KINO favorites: 7 best films by female directors
November 9, 2018The #MeToo and #TimesUp movements have awoke the world — more accurately the world of unaware or indifferent men — to society's glaring gender gap.
The movements started in Hollywood and, arguably, it has been in the film world that they have had their most concrete and dramatic impact, bringing down big-name harassers, regardless of their former status as A-list stars or powerful studio bosses.
#MeToo has also shone a light on gender disparity at the world's leading film festivals, and the frankly shocking record of Cannes, Venice and Berlin in, decade after decade, ignoring or overlooking the work of women filmmakers.
On the one-year anniversary of #MeToo, and the 100th anniversary of Britain's Women's Suffragette movement, we're dedicating a new Kino Favorites special to our favorite female directors. We're celebrating 7 extraordinary women filmmakers whose movies feature strong, intelligent, complex and funny female characters in stories of feminist struggles both personal and political.
The women in these movies fight for self-determination and their right to be heard.
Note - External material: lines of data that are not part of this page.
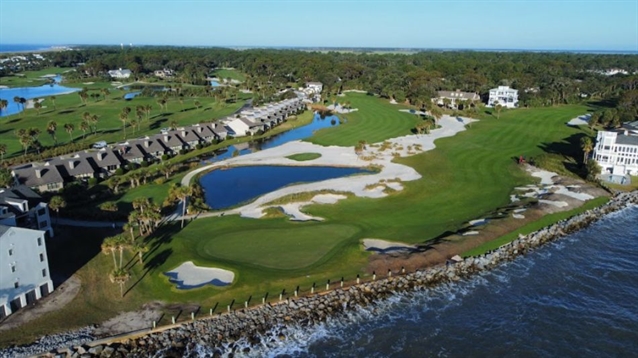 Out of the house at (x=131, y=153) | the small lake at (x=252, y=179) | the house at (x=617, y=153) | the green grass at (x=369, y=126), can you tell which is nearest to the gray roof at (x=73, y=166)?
the house at (x=131, y=153)

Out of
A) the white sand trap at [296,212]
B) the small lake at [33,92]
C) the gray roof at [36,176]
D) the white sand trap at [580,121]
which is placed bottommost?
the white sand trap at [296,212]

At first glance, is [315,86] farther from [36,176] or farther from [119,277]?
[119,277]

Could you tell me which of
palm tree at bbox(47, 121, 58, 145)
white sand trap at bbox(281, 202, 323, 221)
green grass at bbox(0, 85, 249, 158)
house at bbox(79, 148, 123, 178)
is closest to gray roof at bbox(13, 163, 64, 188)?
house at bbox(79, 148, 123, 178)

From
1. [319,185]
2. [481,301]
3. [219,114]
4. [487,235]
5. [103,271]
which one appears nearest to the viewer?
[481,301]

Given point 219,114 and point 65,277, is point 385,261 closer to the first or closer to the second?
point 65,277

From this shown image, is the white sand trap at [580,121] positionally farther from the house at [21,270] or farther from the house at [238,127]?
the house at [21,270]

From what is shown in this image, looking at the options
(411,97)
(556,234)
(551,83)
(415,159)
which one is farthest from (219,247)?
(551,83)

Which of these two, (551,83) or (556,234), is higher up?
(551,83)

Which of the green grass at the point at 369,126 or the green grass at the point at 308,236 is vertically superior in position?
the green grass at the point at 369,126

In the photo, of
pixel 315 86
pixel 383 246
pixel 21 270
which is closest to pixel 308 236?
pixel 383 246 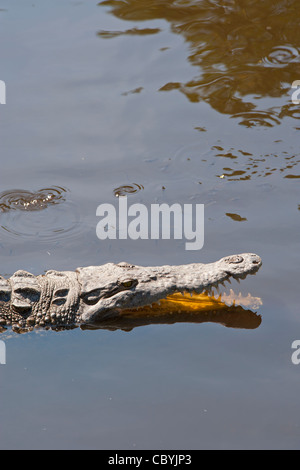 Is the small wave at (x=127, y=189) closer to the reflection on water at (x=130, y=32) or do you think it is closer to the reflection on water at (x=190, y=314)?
the reflection on water at (x=190, y=314)

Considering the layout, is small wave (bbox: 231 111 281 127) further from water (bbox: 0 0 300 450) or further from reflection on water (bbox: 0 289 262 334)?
reflection on water (bbox: 0 289 262 334)

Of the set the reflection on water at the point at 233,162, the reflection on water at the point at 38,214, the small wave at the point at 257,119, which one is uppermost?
the small wave at the point at 257,119

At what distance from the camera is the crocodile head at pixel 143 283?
678 cm

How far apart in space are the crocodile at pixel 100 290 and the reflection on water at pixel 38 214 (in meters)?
1.18

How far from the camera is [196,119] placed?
975 centimetres

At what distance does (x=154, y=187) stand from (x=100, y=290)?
2.22m

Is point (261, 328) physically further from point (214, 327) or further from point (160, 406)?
point (160, 406)

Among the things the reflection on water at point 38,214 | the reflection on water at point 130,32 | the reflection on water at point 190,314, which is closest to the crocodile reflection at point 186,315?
the reflection on water at point 190,314

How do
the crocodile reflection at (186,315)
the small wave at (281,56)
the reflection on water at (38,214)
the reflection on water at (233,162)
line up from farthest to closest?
the small wave at (281,56) < the reflection on water at (233,162) < the reflection on water at (38,214) < the crocodile reflection at (186,315)

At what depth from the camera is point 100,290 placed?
269 inches

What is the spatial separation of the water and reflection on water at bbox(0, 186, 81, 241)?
22 mm

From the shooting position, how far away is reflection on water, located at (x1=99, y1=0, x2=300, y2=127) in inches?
394

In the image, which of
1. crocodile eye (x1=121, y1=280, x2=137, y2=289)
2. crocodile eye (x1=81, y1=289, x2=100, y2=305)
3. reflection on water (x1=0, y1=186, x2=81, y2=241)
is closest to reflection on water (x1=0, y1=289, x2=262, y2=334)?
crocodile eye (x1=81, y1=289, x2=100, y2=305)

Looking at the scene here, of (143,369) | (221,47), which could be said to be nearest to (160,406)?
(143,369) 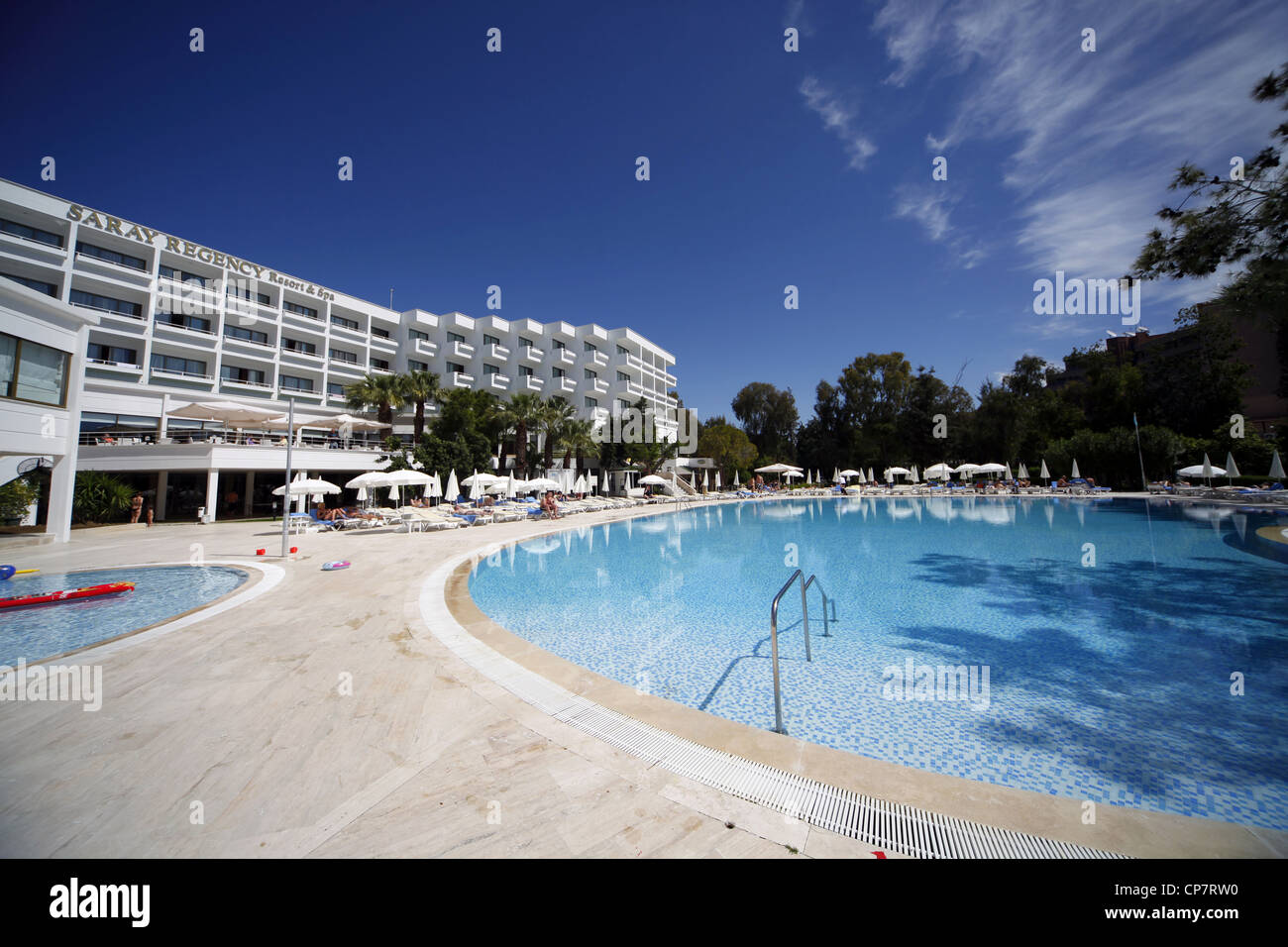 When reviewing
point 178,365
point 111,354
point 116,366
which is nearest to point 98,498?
point 116,366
They battling injustice — that of a political system that shuts them out and that of a macho culture that wants to tell them who they can love or even what sports they're allowed to play.
None are perfect but all, in their own ways, are role models for past and future generations of women and young girls (and men and boys too!).
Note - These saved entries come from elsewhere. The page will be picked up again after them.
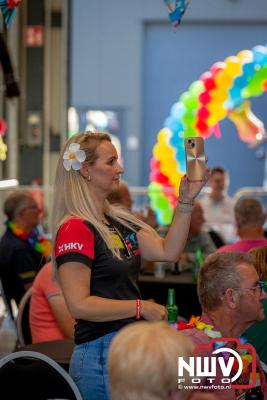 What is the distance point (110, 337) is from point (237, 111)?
8124mm

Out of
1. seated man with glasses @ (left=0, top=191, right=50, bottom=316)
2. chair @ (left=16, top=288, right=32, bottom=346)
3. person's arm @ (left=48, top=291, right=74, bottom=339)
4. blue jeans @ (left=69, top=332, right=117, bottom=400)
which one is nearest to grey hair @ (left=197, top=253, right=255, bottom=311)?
blue jeans @ (left=69, top=332, right=117, bottom=400)

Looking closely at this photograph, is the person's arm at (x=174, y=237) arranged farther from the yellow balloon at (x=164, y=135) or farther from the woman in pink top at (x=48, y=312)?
the yellow balloon at (x=164, y=135)

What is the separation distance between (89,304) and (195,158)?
55 cm

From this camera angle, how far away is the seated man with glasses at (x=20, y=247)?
471 cm

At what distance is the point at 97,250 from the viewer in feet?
7.91

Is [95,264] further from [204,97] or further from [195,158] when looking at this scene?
[204,97]

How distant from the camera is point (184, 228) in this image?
8.37ft

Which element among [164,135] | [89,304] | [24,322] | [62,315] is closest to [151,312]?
[89,304]

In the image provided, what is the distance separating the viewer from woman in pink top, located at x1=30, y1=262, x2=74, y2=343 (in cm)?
331

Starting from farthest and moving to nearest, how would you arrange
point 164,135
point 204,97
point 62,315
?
→ point 164,135, point 204,97, point 62,315

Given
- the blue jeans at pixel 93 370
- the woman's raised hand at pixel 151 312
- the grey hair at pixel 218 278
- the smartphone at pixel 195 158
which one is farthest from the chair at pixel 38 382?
the smartphone at pixel 195 158

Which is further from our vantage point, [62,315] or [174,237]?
[62,315]

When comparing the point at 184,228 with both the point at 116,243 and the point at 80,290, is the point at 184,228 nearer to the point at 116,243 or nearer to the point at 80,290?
the point at 116,243

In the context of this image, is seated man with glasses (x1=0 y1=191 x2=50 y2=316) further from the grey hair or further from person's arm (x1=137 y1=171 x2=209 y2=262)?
the grey hair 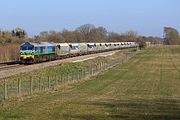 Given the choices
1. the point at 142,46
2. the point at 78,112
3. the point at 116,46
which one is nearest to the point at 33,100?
the point at 78,112

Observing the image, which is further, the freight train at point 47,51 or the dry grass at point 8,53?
the dry grass at point 8,53

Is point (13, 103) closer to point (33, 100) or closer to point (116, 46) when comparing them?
point (33, 100)

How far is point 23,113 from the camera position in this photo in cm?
1873

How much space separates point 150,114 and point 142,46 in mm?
179284

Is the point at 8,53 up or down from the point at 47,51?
down

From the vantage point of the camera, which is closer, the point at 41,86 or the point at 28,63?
A: the point at 41,86

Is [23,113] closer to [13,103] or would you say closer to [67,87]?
[13,103]

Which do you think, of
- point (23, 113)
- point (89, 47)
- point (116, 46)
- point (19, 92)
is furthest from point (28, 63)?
point (116, 46)

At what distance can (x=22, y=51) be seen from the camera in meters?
67.8

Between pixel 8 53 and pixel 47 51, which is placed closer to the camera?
pixel 8 53

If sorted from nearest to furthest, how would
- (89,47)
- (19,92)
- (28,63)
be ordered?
(19,92) < (28,63) < (89,47)

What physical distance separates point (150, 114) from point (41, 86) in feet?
48.2

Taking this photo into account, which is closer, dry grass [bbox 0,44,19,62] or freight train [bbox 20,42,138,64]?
freight train [bbox 20,42,138,64]

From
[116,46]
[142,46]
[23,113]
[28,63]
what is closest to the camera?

Our Magnificent 7 come from Europe and the US, from Asia, Africa and the Middle East.
Their stories range across history — from the suffragette's votes-for-women movement of the 19th century to struggles for sexual freedom in modern-day Kenya — and across genres — from feel-good comedy to period romance to harrowing personal drama. We've even got a superhero movie on the list — one that changed the rules for studio blockbusters.
Seven is a very small number. The list of women directors we've missed is too long to mention. Dozens of female filmmakers who've made a lasting impression on us, and on the history of cinema, are nowhere to be found in this snapshot. But every lady on this list is a wonder woman. Every film a feminist landmark.
Who's your favorite female filmmaker? Which overlooked talent deserves the spotlight? And who's your favorite on-screen feminist hero?
Write to us with your personal cinematic wonder women: [email protected].
Click through the gallery above to find out more about the seven films we picked:
7. Wonder Woman (Patty Jenkins, 2017)
6. Suffragette (Sarah Gavron, 2015)
5. Mustang (Deniz Gamze Ergüven, 2015)
4. Bend It Like Beckham (Gurinder Chadha, 2002)
3. Hannah Arendt (Margarethe von Trotta, 2013)
2. Rafiki (Wanuri Kahiu, 2018)
1. The Piano (Jane Campion, 1993)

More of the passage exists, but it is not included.